Our life is full of relationships that make us either happy or miserable.  It is only through the practice of self-awareness and self-control will we ever be able to build healthy partnerships. Here is a plan to help:  

  • Elongate your fuse.  People with short fuses are oblivious to the long-term impact of their short reactionary responses.  The longer the fuse, the better the relationship will be in your life.
  • Know your temperament.  Each of us has a temper.  Identify your triggers and what sets you off.  Once you know your tolerance level, you will be more equipped to balance your energy and know what level of self-control you need to exert in that specific situation.
  • Control your impulses.  When someone does something that offends, irritates or upsets us, our immediate response is usually an emotional outburst. Control that urge to react. Instead get your emotions under control so you can respond logically to the event. 

Make it a habit today to practice self-discipline and you will be on the path to have relationships that give you what you want and need!

All in the Ask

My assistant shared a story with me recently that reminded me how important it is to ask the right questions.  
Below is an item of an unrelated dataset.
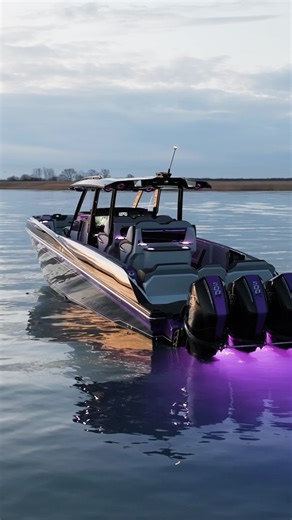 162K views · 10K reactions | Looks fast sitting still  Check out our 10min YouTube video on crafting this flagship 40CCX. Subscribe to the channel if you enjoy 酪 | Sunsation Powerboats | Facebook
Her son had just turned 14 and was anxious to get his working papers. She had heard through the usually reliable mom-network that even though school was out for the year, the high school guidance office was the place to get working papers. Upon entering the high school, she and her son proceeded to the General Office and asked where the Guidance Office was.  The secretary pointed to the sign in the hallway with a directional arrow.  They then proceeded in the direction of the arrow but found the District Office and not the Guidance Office.  They entered the District Office and proceeded to ask the secretary where the Guidance Office was.  A helpful janitor smiled and offered to show the way, explaining that the directional arrow was misleading and the hallway to the Guidance Office was dimly lit. 

Having found the Guidance Office at last, the son told the counselor that he was there to get his working papers. The counselor then advised "Oh, you no longer get those here. You can get them in the General Office where you first came into the school".  So the tour of the high school offices could have ended where it started, had my assistant simply asked, "Where can my son get his working papers?"
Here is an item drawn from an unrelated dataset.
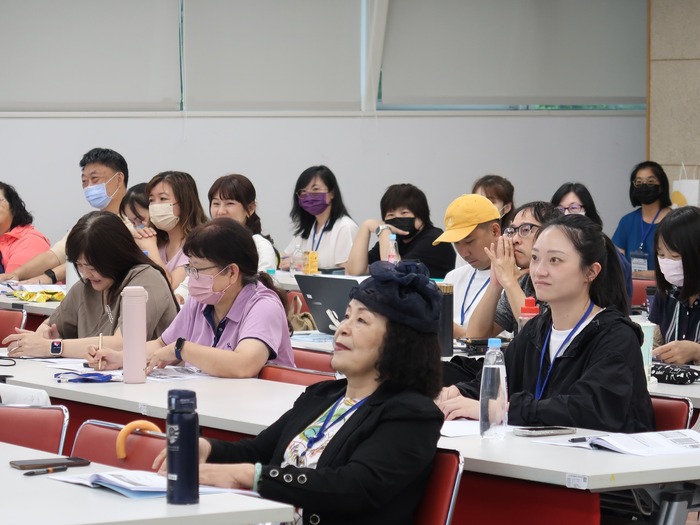 認真聽講圖片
How often do we go through life getting frustrated with the outcome or response from a person because it wasn't what we expected or wanted?  In customer service and sales, asking the right questions is critical in order to provide the right solutions, product or services to clients.

Taking time and planning out a list of questions can help uncover a customer's pain point, what is most important for their decision-making process and their overall goals. Asking a blend of simple questions can help you discover their needs and provide the best solutions to exceed their expectations:

•What can I do for you? Describe to me what you need.
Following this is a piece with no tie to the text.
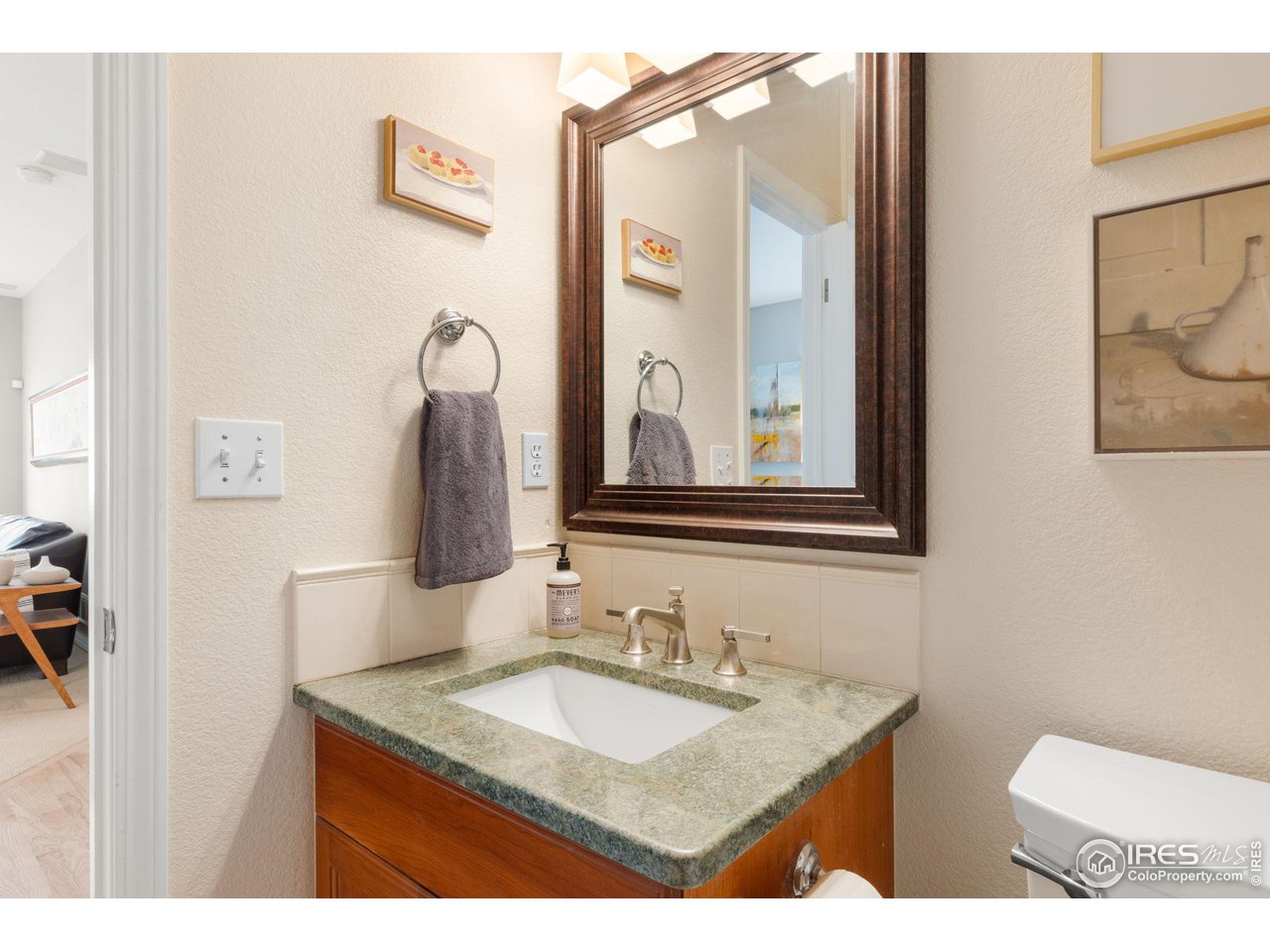 3440 Saint Vincent Pl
•What is most important to you? What are the outcomes you are expecting?

•What is your budget? Why do you need this product or service?

It all comes down to the simple ask---getting the right information so you can provide the right solution every single time!

Ask and You Shall Receive

Just recently I participated on a search committee to select a new non-profit executive director. It was both energizing and exhausting as I had to dust off and use my old HR interviewing skills.

As I went through this, I realized that many times when we go through a selection process, we end up hiring an individual that isn't a good fit for the organization.  The candidate may interview well, but once on board it becomes apparent this was not a good hire. 

As I reflected on why this happens, it occurred to me that the root cause of any bad decision comes from asking the wrong questions.

Picture the first grader raising her hand and asking the teacher permission "Can I go to the bathroom?" and the teacher's response, "I'm sure you can, but, yes, you MAY go to the bathroom."  If we don't ask the right questions we won't get the answers or results we are looking for.

  • What questions do you ask employees and co-workers to see what support and help they need?  
  • What questions do you ask your customers to discover how you can serve them better?
  • What questions do you ask to get to the root of a conflict or disagreement?  
  • What questions do you ask to find the truth in a situation? 

Begin by thinking about the information you are trying to get, then structure your questions accordingly. Productive questions should be open-ended, high-gain questions.  These are direct, but thought-provoking and invoke an emotional and honest response. And just as important as asking the right questions, is listening to the answers given.

Just like an interview process, if we ask the wrong questions with good responses we may end up with a bad selection that can cause irreversible damage to the organization.

Quote of the Month

"Some people dream of success while others wake up and work hard for it."